SHADOW Scottish secretary Ian Murray has said that Labour should “draw a real lesson” from Heart of Midlothian FC as he suggested the party’s plight was similar to that of the Edinburgh club when it faced near extinction.
Mr Murrray said the revival of newly promoted Hearts could serve as an inspiration to Scottish Labour which lost 40 of its 41 Westminster seats on 7 May to the SNP.
We can draw a real lesson from Hearts Football ClubIan Murray MP
He said the turnaround in the fortunes of the Jambos was a model in building a community-based movement and how to find the “right path” after a crisis, as he talked about the experience of the supporters’ trust Foundation of Hearts.
Mr Murray, Scottish Labour’s last remaining MP, made the claim as he delivered his first keynote speech since he was appointed as the shadow cabinet lead on Scotland after the election.
The politician served as chair of the not-for-profit Foundation of Hearts which promoted the idea of fan ownership and successfully acquired the majority shareholding in the Tynecastle club after it suffered relegation from the Scottish Premier League and faced financial collapse with the threat of extinction.
Mr Murray said the grassroots movement associated with the club, which has won promotion back to the Premiership and is now widely viewed as more financially stable, could act as an example to Labour on how to relaunch itself with a new leadership team.
He said: “I also think that we can draw a real lesson from what happened at Hearts Football Club – a living, breathing example of how that community based solution can work.
“And it also shows how you can take an organisation that has lost its way and set it on the right path again.
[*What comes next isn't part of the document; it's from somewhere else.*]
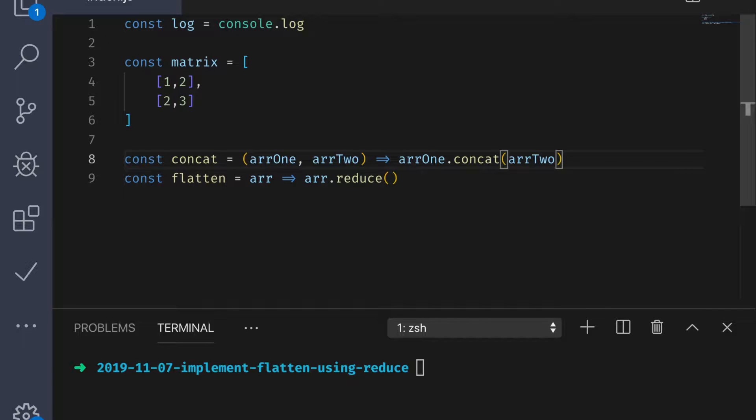This is important to note. When two things are equivalent, they should be interchangeable. Now, this is dependent upon the strictness of the equivalence. But for our purpose, concat and the reducing function we need are functionally the same. So, let's go ahead and pass the concat function in as our reducing function.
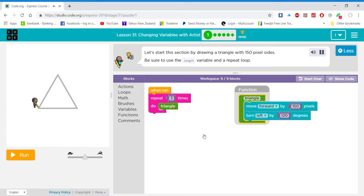Let's start this section by drawing a triangle with 150 pixel sides. Be sure to use the length variable and a repeat loop.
They have always been innovative and driven change both within football and in the wider area, but they lost their way … within days of disappearing for ever.”
The Edinburgh South MP added: “The club was saved and revived not by a top-down solution, but by a large grassroots movement that pulled together.
“Thousands of supporters deciding that the way forward was for them to take charge of the situation. It saved the club but, much more importantly, changed the culture. A new, fresh leadership team, led by someone ingrained in the passion for the club, immediately setting a different direction.”
Mr Murray, in a speech to Labour supporters in Edinburgh, also said he would vote for Yvette Cooper in the UK Labour leadership election but that he had no objection to the left-wing candidate Jeremy Corbyn.
He said the party needed its first female leader, but he said he had “no problem” with Mr Corbyn who is now viewed as the favourite in the leadership race, ahead of Ms Cooper, Andy Burnham and Liz Kendall.
Mr Murray, declaring his support for Inverness-born Ms Cooper, the shadow home secretary, said she was best-placed to lead the party after its defeat north and south of the Border.
He said: “At UK level I have been quite keen to ensure the debate carries on without me backing anyone, but I am backing Yvette Cooper for the next leader of the Labour party.
“The reason I am doing that is purely because I think Labour needs its first female prime minister. But I also think Yvette has a lot of understanding of the situation in Scotland.”